Sunday, February 15, 2026

Big Y Matches

 

Source: FTDNA. 14 Feb 2026.

The match time tree for cousin Greg's Big Y results shows two matches in the same haplogroup, with a most recent common ancestor born about 1234 CE. The time predictor tool on one match shows a range of 950-1650 CE, likely about 1350. There are also a few Y-37 matches that show a most recent common ancestor at about 1500 to 1550.

I provided a prompt to Claude that we have a Big Y match with STR differences 3 of 590, and what tools could I use to understand if this was an actionable match. The response was "A STR difference of 3 of 590 is actually quite close and could definitely be worth exploring. Here are several tools and approaches you can use to determine if this is an actionable match." I've already looked into the suggestions for using FTDNA's tools on the Block Tree, Match Time Tree and Time Predictor, so I'll skip down to Claude's suggestions on why this could be an actionable match.
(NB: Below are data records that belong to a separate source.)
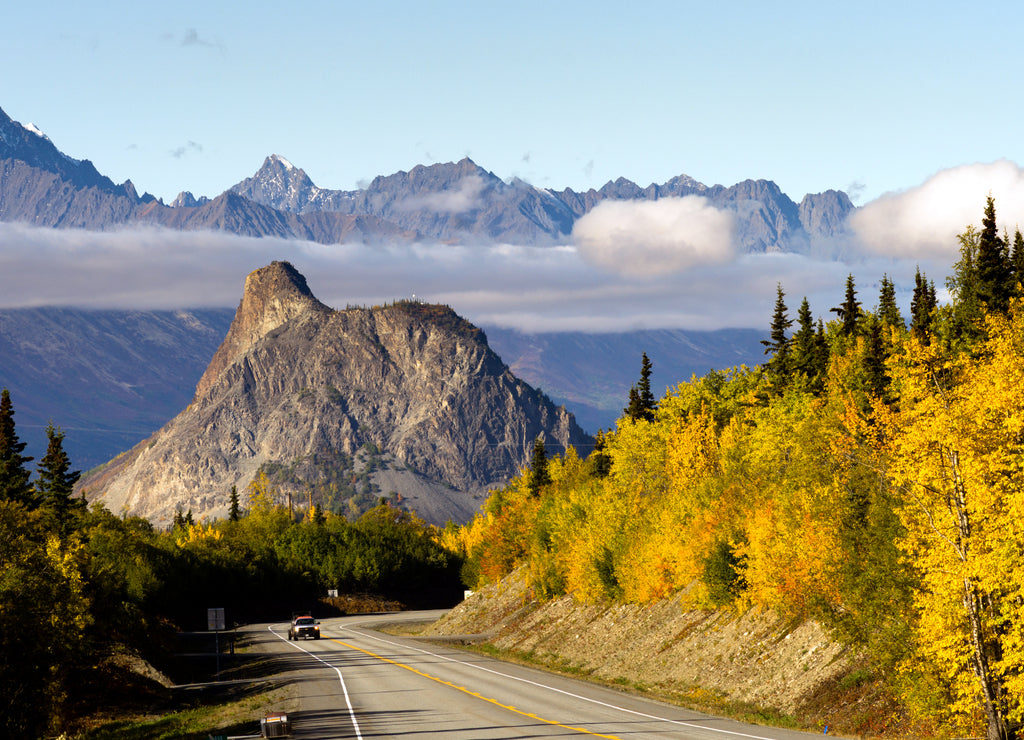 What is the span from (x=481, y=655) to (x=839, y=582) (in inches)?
1489

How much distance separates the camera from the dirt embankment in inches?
1772

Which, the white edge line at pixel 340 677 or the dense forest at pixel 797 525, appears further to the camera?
the white edge line at pixel 340 677

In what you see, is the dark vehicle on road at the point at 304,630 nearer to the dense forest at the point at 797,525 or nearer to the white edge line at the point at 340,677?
the white edge line at the point at 340,677

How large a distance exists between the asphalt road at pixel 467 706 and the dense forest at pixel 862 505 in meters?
6.68

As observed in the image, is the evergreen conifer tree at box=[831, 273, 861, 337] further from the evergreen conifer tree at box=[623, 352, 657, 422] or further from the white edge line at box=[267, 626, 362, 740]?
the white edge line at box=[267, 626, 362, 740]

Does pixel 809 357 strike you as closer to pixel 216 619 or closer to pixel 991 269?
pixel 991 269

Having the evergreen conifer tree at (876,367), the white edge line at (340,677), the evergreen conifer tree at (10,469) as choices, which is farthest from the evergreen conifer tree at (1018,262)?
the evergreen conifer tree at (10,469)

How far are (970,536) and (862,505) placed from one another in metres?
15.3

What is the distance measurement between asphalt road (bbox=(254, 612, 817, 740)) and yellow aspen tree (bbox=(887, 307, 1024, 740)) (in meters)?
6.10

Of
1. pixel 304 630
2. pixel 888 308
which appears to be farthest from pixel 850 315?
pixel 304 630

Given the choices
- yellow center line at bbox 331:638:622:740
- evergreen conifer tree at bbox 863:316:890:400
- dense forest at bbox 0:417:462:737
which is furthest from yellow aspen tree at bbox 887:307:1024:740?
evergreen conifer tree at bbox 863:316:890:400

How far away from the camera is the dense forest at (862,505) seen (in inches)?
1399

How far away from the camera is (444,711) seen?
4441 cm

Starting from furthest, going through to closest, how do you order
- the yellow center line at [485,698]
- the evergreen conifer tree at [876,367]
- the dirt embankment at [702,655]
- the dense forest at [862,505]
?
the evergreen conifer tree at [876,367] < the dirt embankment at [702,655] < the yellow center line at [485,698] < the dense forest at [862,505] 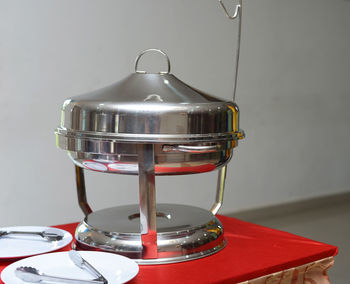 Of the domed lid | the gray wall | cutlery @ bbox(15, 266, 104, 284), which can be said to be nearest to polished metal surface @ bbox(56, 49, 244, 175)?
the domed lid

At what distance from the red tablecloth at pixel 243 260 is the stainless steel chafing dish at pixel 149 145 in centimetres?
3

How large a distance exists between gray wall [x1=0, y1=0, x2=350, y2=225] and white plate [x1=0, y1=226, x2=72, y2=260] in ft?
5.59

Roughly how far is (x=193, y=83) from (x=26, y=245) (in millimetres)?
2469

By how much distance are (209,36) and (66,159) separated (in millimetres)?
1334

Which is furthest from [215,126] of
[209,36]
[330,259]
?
[209,36]

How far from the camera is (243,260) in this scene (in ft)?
3.49

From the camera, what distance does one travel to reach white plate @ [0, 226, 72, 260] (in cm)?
104

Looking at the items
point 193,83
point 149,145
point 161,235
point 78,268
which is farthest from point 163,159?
point 193,83

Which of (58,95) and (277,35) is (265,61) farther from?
(58,95)

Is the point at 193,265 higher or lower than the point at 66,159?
higher

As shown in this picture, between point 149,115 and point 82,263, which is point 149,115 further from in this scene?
point 82,263

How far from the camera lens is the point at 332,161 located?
14.8 ft

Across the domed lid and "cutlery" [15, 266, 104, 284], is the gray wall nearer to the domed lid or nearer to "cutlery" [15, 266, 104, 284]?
the domed lid

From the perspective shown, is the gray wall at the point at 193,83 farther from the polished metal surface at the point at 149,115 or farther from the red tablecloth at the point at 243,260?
the polished metal surface at the point at 149,115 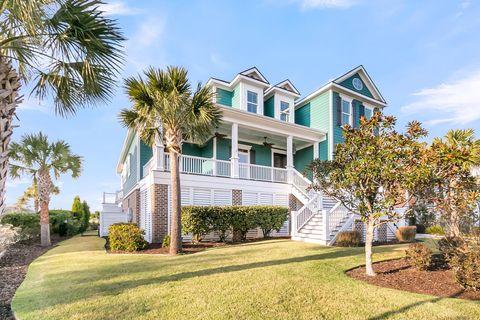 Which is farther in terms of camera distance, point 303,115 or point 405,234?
point 303,115

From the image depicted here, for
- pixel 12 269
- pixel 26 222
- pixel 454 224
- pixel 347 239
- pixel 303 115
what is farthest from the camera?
pixel 303 115

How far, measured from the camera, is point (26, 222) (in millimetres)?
16266

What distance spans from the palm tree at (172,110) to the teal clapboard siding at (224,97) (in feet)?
23.1

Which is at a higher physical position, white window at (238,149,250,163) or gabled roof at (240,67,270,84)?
gabled roof at (240,67,270,84)

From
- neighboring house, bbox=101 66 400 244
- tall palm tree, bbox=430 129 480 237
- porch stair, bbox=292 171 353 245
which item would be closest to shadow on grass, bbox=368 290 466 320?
tall palm tree, bbox=430 129 480 237

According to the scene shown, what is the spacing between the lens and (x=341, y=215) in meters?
12.7

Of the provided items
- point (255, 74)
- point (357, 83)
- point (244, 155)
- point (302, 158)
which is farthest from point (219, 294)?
point (357, 83)

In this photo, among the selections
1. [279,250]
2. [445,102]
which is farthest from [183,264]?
[445,102]

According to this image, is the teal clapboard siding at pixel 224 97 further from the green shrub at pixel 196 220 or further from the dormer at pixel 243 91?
the green shrub at pixel 196 220

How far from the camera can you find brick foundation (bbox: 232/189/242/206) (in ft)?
46.2

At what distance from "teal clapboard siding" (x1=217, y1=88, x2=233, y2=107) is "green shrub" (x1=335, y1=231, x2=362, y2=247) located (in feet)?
33.5

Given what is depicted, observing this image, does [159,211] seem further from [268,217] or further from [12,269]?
[12,269]

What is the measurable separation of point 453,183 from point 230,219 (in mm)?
7999

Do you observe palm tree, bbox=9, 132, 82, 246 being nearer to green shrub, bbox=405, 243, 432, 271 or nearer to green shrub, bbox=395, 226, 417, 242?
green shrub, bbox=405, 243, 432, 271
"With a 3 of 590 STR difference, this suggests a recent shared ancestor, likely within the past few hundred to perhaps 1,000 years." This is consistent with FTDNA's statistics in the time predictor, and in the image above.

Next, Claude says "check for shared SNPs - do you share any terminal SNPs beyond your haplogroup assignment". This is good and gives me something to check.

"Compare family trees - look for surname matches, geographic overlaps, or common ancestral locations." So far, the surnames do not overlap, but from a geographic location we're dealing with northern Mexico and Spain as common locations.

"Review genetic distance - FTDNA should show a genetic distance value that helps estimate generations to a common ancestor." Also a good suggestion.

Claude recommends the following next steps:

  1. Contact the match 
  2. Check geographic origins - do the paternal lines come from similar regions? (I'd like to see a bit more information on common regions in Spain).
  3. Look at surnames - any surname matches in my own ancestry? (Not yet).
  4. Consider STR marker patterns - which specific markers differ? Some mutate faster than others.
I am rewatching the YDNA course on YourDNAGuide, and need to review the modules on STR markers.